The next day, their daughter and her family arrived. Spreadbury watched his grandchildren play around the hospice equipment.
“All the rage at the hospice firm, the cancer, Roundup and the whole situation came to a head,” Spreadbury remembered. “It was Christmas Day. Amanda took me outside so the kids wouldn’t have to see it, and I screamed loud enough for every angel in heaven and demon in hell to hear me.”
That day he felt a pain in his chest.

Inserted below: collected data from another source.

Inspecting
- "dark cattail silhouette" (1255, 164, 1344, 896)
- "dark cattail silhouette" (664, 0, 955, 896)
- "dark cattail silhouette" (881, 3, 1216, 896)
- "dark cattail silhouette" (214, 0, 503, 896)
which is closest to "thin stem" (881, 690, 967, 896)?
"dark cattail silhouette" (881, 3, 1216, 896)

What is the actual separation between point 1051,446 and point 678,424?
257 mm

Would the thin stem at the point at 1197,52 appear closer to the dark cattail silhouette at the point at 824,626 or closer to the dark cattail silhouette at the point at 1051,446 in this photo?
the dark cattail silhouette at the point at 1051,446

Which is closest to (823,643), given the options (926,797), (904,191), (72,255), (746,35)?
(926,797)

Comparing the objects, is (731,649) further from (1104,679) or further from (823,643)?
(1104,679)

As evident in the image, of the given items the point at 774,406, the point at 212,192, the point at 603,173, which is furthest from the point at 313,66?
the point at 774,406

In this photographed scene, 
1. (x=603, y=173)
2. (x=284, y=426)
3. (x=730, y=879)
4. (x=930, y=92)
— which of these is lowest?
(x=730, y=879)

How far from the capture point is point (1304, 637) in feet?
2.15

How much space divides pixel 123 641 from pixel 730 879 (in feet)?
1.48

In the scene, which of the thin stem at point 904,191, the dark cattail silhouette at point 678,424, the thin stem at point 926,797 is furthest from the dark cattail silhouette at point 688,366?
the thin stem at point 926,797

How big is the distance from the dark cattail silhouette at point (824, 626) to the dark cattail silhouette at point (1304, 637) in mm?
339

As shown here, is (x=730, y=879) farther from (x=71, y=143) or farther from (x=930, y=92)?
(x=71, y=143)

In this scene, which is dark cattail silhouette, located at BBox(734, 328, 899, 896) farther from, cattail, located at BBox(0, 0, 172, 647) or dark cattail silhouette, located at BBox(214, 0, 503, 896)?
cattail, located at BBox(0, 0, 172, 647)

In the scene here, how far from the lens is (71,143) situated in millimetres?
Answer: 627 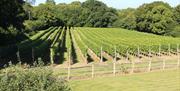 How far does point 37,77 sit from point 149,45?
44.2 meters

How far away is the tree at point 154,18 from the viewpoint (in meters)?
124

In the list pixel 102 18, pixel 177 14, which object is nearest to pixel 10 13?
pixel 177 14

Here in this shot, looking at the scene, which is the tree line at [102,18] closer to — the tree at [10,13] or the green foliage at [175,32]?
the green foliage at [175,32]

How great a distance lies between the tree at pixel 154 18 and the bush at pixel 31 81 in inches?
4365

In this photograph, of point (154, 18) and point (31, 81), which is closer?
point (31, 81)

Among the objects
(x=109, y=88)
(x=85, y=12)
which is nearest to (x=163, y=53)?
(x=109, y=88)

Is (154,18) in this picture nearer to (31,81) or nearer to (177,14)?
(177,14)

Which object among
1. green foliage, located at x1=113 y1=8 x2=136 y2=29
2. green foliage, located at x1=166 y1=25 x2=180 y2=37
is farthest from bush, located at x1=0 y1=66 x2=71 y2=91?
green foliage, located at x1=113 y1=8 x2=136 y2=29

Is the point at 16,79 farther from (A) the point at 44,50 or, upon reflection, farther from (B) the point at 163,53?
(B) the point at 163,53

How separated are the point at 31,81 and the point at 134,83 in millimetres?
17858

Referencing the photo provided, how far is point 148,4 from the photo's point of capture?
139125 mm

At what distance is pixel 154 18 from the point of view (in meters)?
125

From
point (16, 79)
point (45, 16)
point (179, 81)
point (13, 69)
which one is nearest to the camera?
point (16, 79)

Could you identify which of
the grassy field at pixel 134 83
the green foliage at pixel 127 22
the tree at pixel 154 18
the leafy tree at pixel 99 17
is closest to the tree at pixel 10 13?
the grassy field at pixel 134 83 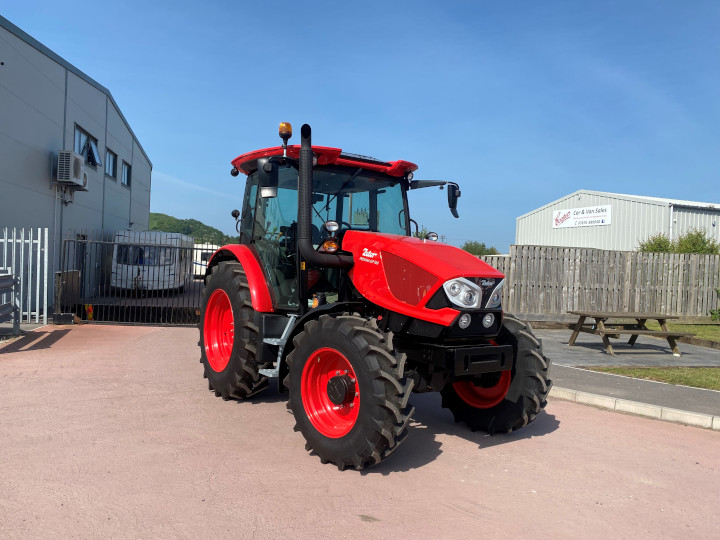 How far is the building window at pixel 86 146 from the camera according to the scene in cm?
1683

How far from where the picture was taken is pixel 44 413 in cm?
518

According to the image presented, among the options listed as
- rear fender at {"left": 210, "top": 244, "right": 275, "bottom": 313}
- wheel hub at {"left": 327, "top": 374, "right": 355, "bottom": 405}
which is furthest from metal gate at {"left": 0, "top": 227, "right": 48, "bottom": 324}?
wheel hub at {"left": 327, "top": 374, "right": 355, "bottom": 405}

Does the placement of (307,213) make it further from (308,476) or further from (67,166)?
(67,166)

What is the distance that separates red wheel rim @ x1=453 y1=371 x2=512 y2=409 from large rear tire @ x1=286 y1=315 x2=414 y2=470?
1.35 meters

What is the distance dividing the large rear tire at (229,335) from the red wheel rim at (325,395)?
3.87 ft

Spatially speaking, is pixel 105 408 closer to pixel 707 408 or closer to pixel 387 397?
pixel 387 397

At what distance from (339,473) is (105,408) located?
2.79 meters

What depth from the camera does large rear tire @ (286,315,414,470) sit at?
3717mm

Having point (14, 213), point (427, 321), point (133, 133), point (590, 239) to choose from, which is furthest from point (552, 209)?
point (427, 321)

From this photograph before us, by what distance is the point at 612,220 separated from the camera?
2889 cm

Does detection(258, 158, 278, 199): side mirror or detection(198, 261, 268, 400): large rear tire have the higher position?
detection(258, 158, 278, 199): side mirror

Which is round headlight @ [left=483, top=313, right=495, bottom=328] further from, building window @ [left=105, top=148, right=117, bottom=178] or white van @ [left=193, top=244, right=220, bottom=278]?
building window @ [left=105, top=148, right=117, bottom=178]

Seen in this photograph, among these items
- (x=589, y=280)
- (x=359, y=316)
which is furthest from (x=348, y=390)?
(x=589, y=280)

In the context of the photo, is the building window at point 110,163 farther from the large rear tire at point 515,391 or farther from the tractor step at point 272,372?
the large rear tire at point 515,391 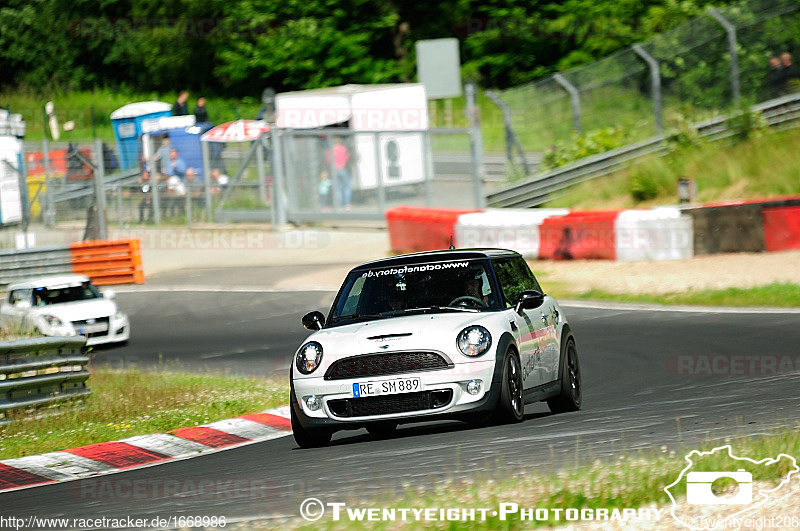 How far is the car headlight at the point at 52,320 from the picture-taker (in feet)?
62.6

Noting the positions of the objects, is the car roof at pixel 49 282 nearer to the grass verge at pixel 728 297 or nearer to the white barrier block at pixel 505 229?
the white barrier block at pixel 505 229

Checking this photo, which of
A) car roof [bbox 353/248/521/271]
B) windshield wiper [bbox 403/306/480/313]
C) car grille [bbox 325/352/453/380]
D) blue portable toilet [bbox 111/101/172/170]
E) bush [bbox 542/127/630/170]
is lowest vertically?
car grille [bbox 325/352/453/380]

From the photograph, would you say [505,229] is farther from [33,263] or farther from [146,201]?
[146,201]

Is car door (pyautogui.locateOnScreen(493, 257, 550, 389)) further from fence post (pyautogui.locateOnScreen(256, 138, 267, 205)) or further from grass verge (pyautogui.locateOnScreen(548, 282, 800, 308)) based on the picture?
fence post (pyautogui.locateOnScreen(256, 138, 267, 205))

A week later he was diagnosed with atrial fibrillation, though the risk didn’t run in his family. Now, he was left without the love of his life and a heart condition.
“Those who gave the go-ahead to sell Roundup without warning people of its dangers need to pray to heaven that no hell exists,” Spreadbury said. “I would like Monsanto and Bayer to know that my wife was not a weed. I’ve got 37 years of memories, a beautiful daughter and two wonderful grandchildren to prove it. She has dozens of friends and a sister to prove it.”